3. Regularly remove dandruff, hair, and lint

Thanks to the soft wool, knit, or cashmere that we all know and love, the fabric of sweaters can sometimes act as a magnet, attracting and sticking to dust, lint, dandruff, or strands of hair. A child’s soft hairbrush or a soft toothbrush will help you quickly brush off anything on the sweater (looking at you, dog hair!) for an easy fix, but make sure not to brush too harshly on the sweater or it will loosen the fabric and create pills. You can brush through after every wear, but a quick TLC for all your sweaters once a month is sufficient to prevent lint, dandruff, dust, or hair pile-up. 


4. Know how to wash (and when)

PSA: Washing your sweaters doesn’t have to be a pain. Most sweaters should be hand washed so they last longer and the fabric stays intact. To hand wash, fill a bucket or sink with cool water, add a few squirts of gentle laundry detergent, submerge the sweater, and let it soak for about 30 minutes. Then, rinse it under cool water. To dry, gently squeeze water out the sweater (never wring it out) and roll it up in a towel (like a sleeping bag or sushi roll) to suck up all the excess water. Finally, lay it flat on a drying rack or clean towel to dry.

Cotton and cashmere typically need to be washed after two to three wears, while wool or polyester can withstand about five wears. But make sure to follow the directions on the label, and don’t wash more often unless the sweater has a stain (like sweat or a spill). And if it says dry clean only (as it does with most wool), then you know the drill: dry clean only.

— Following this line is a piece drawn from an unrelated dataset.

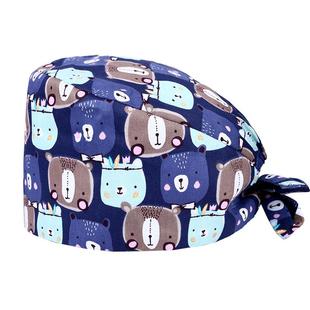 蝶芭朵手术帽女纯棉印花手术室工作帽口腔牙科诊所帽子卡通男夏季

5. To extend washes, wear a T-shirt underneath

Even gentle hand washing can wear down the quality, fabric, or softness of any sweater over time, so if you wear your sweaters frequently, consider wearing a T-shirt underneath to extend the time in between washes. Wearing a T-shirt acts as a barrier between the sweater and skin, limiting the amount of outside forces and smells the fabric interacts with. Since things like sweat, body odor, oils on the skin, and deodorant can cause wear and tear, the sweater stays intact longer when you wear a layer underneath that acts as a barrier. Now all you have to worry about is spilling your latte. 



6. You can  save an itchy sweater

Is there anything worse than a sweater so itchy, it loses all its coziness? In order to turn itchy back to soft and cozy, add liquid fabric softener to the cold water when you’re hand-washing your sweater. Allow the sweater to thoroughly swirl around the water and let it sit. You can also try adding half a cup of hair conditioner instead of fabric softener for extra softness. Just make sure you avoid 2-in-1 conditioner/shampoo combinations or heavy hair masks and stick to hydrating or standard conditioner (not other formulas meant for volumizing or thickening). After one to three treatments, your sweater should be back to its soft and cozy self. 


7. Store sweaters properly

Repeat after me: Never hang sweaters. Hanging will cause sweaters to stretch out and create peaks in the shoulders. To store them in a way that maintains their shape and quality, keep sweaters folded or rolled in drawers or on shelves. Properly fold them by laying them front-down on a flat surface and fold each arm (from the sleeve seam diagonally across the sweater’s back). Then, either fold it horizontally in half or roll from the bottom hem up to the collar. If you must hang them, fold the sweater over the hanger, on top of a piece of tissue paper to prevent creases.


8. Pack up sweaters after winter

Yes, all good things must come to an end, and when sweater season is over, your sweaters deserve to be stored the right way for extra protection and to help hold shape through the spring and summer months. Don’t just throw them in bins as is and hope for the best. Take the time to properly clean them, fold them, and put them in clothing storage bags (that are breathable) or boxes (as long as they’re made out of cotton or canvas). Add in a small satchel filled with lavender to prevent bugs (and keep them smelling fresh!). Hot tip: Do not put sweaters in vacuum-sealed storage bags. It might seem like it’s saving space, but locking in moisture can cause yellowing or mildew.